MÜNSINGEN/GRABENSTETTEN. Wenn spät abends um 22 Uhr eine Whatsapp-Nachricht von einem Mitarbeiter beim Chef eingeht, verheißt das selten etwas Gutes. Jochen Ladner, Inhaber von Ladners Ochsenbeck, eines in der Region gut bekannten Bäckers mit zentraler Backstube in Grabenstetten und neun Verkaufsstellen , bekam am Mittwoch vor zwei Wochen so eine Nachricht: Ein Mitarbeiter der Backstube – er selbst ohne Symptome – und seine Frau wurden positiv auf Corona getestet.
Britische Variante
Ladner reagierte am nächsten Morgen und rief einen befreundeten Arzt an: »Wir brauchen Tests.« Am gleichen Tag wurde ein Testzentrum in Grabenstetten eingerichtet, »getestet wurden alle, Bäcker, Konditoren, der Versand, die Fahrer«, erzählt Ladner.
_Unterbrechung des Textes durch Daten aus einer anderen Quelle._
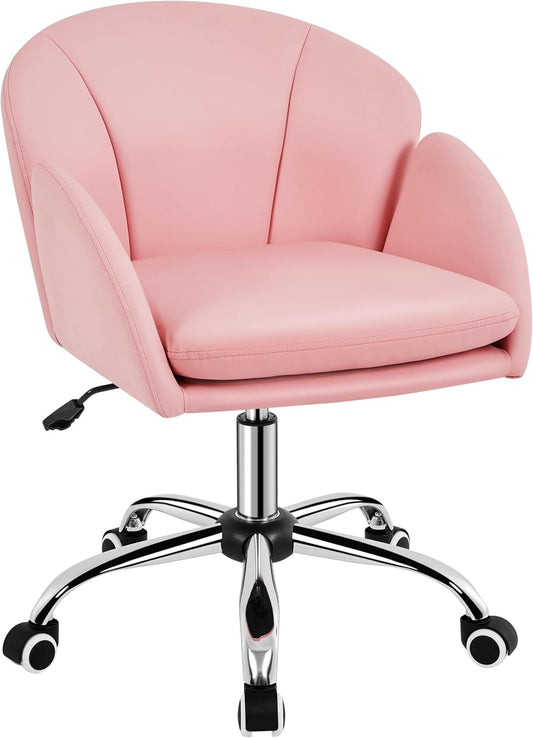 Yaheetech Cute Petal Desk Chair for Home Office and Makeup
Das ernüchternde Ergebnis: Die PCR-Schnelltests ergaben zwei weitere positive Fälle in der Belegschaft. Das bedeutete Quarantäne für die Betroffenen und ein noch penibleres Einhalten der Hygiene- und Abstandsregeln im Betrieb. Die Laborergebnisse der gründlicheren PCR-Test bestätigten bis zum Samstag die Ergebnisse der Schnelltests. Wichtiger aber: In einem Fall wurde die deutlich ansteckendere britische Variante des Virus’ festgestellt. »Das war der Worst-Case«, sagt Ladner, »ohne die Mutation hat unser Hygienekonzept funktioniert.«
Im Laufe des Sonntags fällt der Unternehmer die Entscheidung: Wir schließen. Und nicht nur die Backstube, auch alle Filialen. Die Entscheidung sei ihm nicht leichtgefallen, erinnert sich Ladner. Ein Unternehmen, das aus eigenem Entschluss schließt, hat – anders als per amtlicher Anordnung verordnet – keinen Anspruch auf Entschädigung. Für an Corona Erkrankte greifen die üblichen Regeln der Lohnfortzahlung, das Unternehmen bezahlt sechs Wochen lang Löhne und Gehälter weiter, wie bei einer Grippe oder einem Beinbruch. Jetzt bezahlt Ladner zusätzlich das Entgelt für die Quarantänefälle, da kommt bei 150 Mitarbeitern einiges zusammen. Staatliche Hilfen sind möglich, die Mühlen mahlen aber langsam: »Wir rechnen mit mindestens sechs Monaten Bearbeitungszeit unserer Anträge«, schätzt Ladner und hält das Prozedere nicht für glücklich: »Da ist sicher die Versuchung da, einfach weiterzumachen, aus Angst vor der Pleite.«
Am Montagmorgen verständigt er das Gesundheitsamt, alle Mitarbeiter – auch die in den Filialen – werden getestet, es finden sich noch einmal zwei Fälle in der Backstube. Die gute Nachricht ist, dass in den Verkaufsstellen niemand betroffen ist, so sind auch keine Kunden tangiert.
Alle wieder wohl auf
In den mittelständischen Betrieben kennt man sich. Ladner erkundigt sich bei einem Mitarbeiter mit Herzschrittmacher nach seinem Befinden. Er erkundigt sich nach den Familien, wie es Kindern oder den besonders gefährdeten Großeltern geht. Der Kontakt wird per Telefon oder Whatsapp aufrechterhalten. Irgendwann ändert sich der Tenor: »Wie geht es eigentlich dir, Chef«, wollen manche jetzt wissen. Nicht immer gut, aber trotz der finanziellen Einbußen ist Ladner sicher: »Es war die richtige Entscheidung. Wie haben auf absolute Transparenz gesetzt und bekommen viele positive Rückmeldungen auch von den Kunden.«
Ab Freitag haben alle Verkaufsstellen von Ladners Ochsenbeck wieder geöffnet. Dann haben alle Mitarbeiter ihre Quarantäne hinter sich, alle wurden negativ getestet. Und wichtiger noch: Es hat nur milde Verläufe gegeben, alle sind wieder wohlauf. (wu)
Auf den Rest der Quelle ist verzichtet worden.